Mexico: Building the national adoption baseline
Mexico is an important market, but the publicly available adoption picture is less mature than in Chile, Brazil, or Colombia. The strongest current signal is not a national adoption percentage, but the creation of structured measurement efforts.
RICI’s Macro Adoption BIM Mexico initiative describes macro adoption as a systematic national implementation process involving policy, standards, training, and technology adoption. Its 2024 information session states that Mexico’s first BIM Macro Adoption Study was being carried out from July to November 2024, using models developed by Succar and Kassem and a standardized BIMe Initiative questionnaire applied in more than 20 countries.
RICI also describes the diagnostic as covering three groups: government, academia, and industry. Government research examines what the three levels of government are doing to facilitate BIM adoption; academia research examines how BIM and digital transformation are being taught; and industry research examines the tools, workflows, and standards companies are using.
For Mexico, the story is about formalizing measurement. The market has momentum, but the next step is turning distributed activity into comparable adoption data.
Colombia: Measurable private-sector adoption and public-sector traction
Colombia has one of the clearest recent market snapshots. Camacol’s national BIM survey reported that more than 90% of respondents identified BIM as highly relevant to their work at both the organizational and industry levels. It also collected information from 25 of Colombia’s 32 departments, with participation largely from private companies and MSMEs.

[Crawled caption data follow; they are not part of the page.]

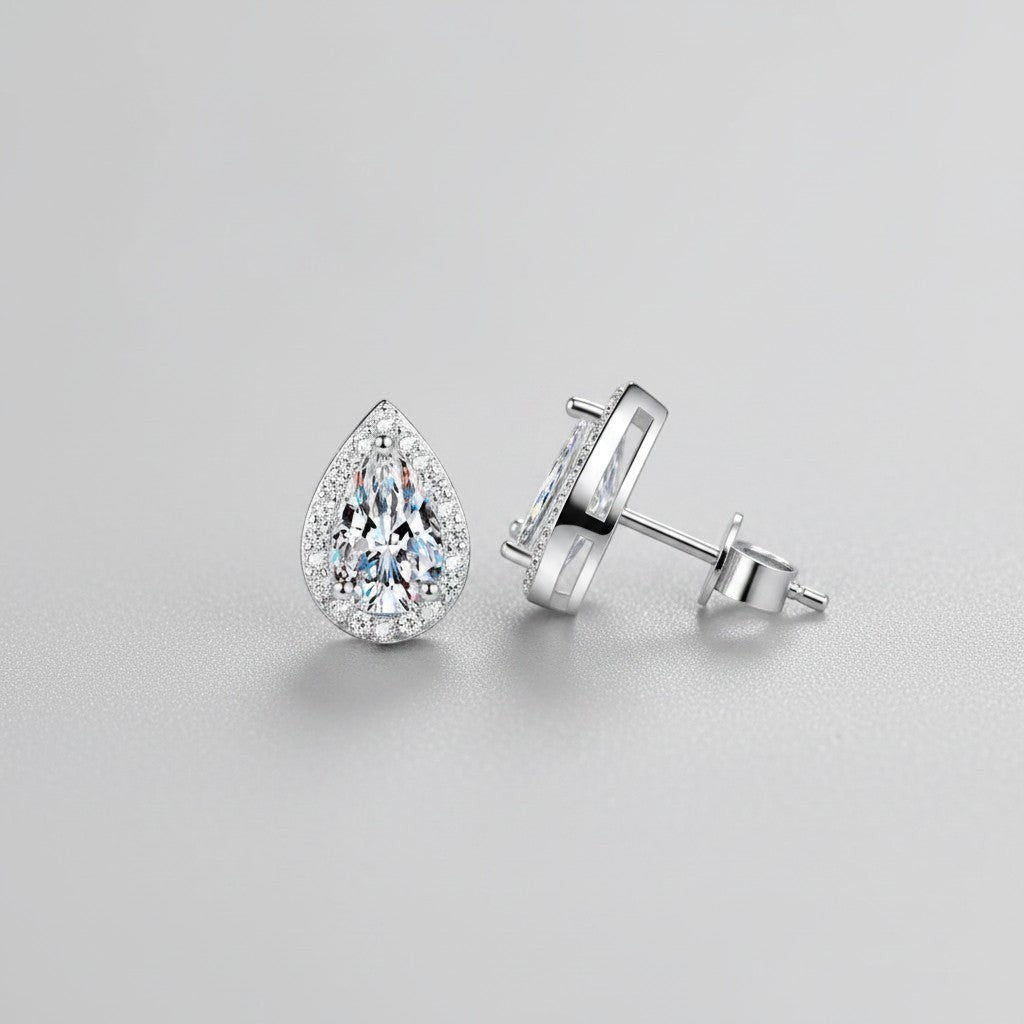 Vooraanzicht en zijaanzicht van de platliggende ModaMelhor druppelvormige oorknopjes van 925 sterling zilver met centrale moissanite stenen en zirkonia accenten.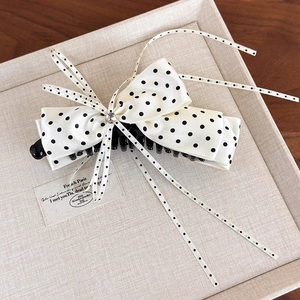 Detail view of cream satin bow hair clip with black polka dots and centered rhinestone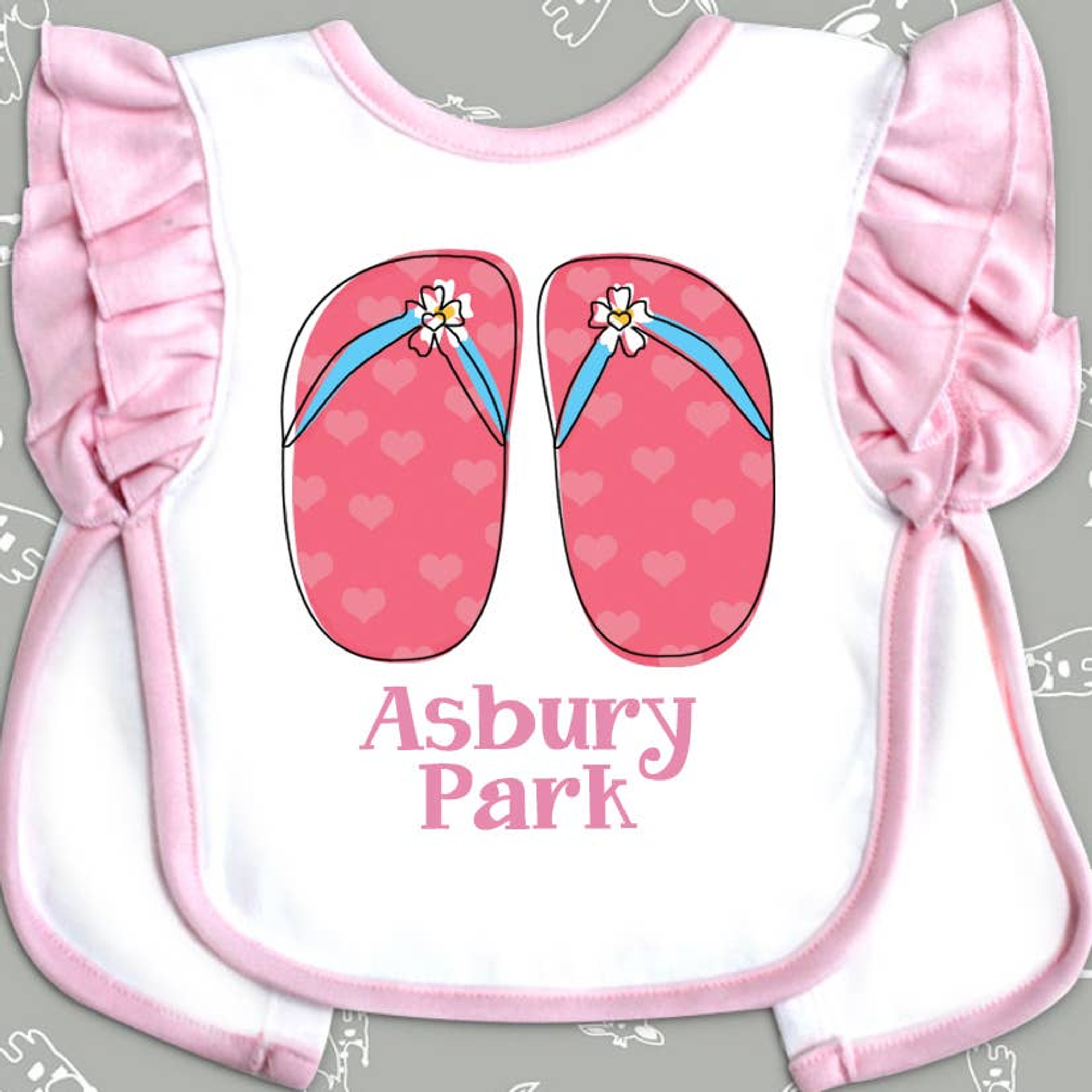 Bib para bebés con cierre de lazo estampado 2 capas color blanco y rosa 65% poliéster 35% algodón personalizable y lavable a máquina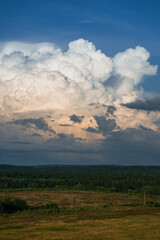Massive cumulonimbus cloud dominates the sky, casting a dramatic presence over a serene landscape of coniferous forests and open fields, hinting at an approaching storm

A separate Camacol summary of the national survey found that 52% of private-sector companies consulted were working with BIM, while 38% of public-sector entities had adopted the methodology. It also reported that 66% of companies had adopted BIM for at least three years, 71% were implementing it in project structuring and planning, and only 14% were using it in the construction phase.
That gap between planning and construction is important. Colombia is not only adopting BIM – it is now facing the next maturity question: how to move BIM deeper into field execution, handover, and asset and facility management operations.
As Roberto Massa explains: “The next phase of BIM maturity in Latin America will be about moving beyond design coordination into execution, handover, and long-term asset value. The countries that connect BIM to measurable project outcomes and use structured information as the foundation for digital twins will be the ones that accelerate adoption fastest.”
Conclusion
Across these five markets, BIM adoption in Latin America is advancing, but not at the same pace or in the same way. Chile leads with sustained survey evidence and strong institutional coordination. Brazil shows measurable growth and a large opportunity to expand beyond early adopters. Colombia has strong private-sector traction and a clear challenge in moving from planning to construction. Argentina has high awareness but needs more integrated BIM workflows. Mexico is building the measurement foundation that can support more structured national adoption.
For regional AECO teams, the takeaway is simple: BIM adoption is no longer optional, but market maturity varies. Success will depend on understanding local adoption data, aligning with public-sector requirements, investing in people and standards, and connecting BIM more directly to construction execution and long-term asset value.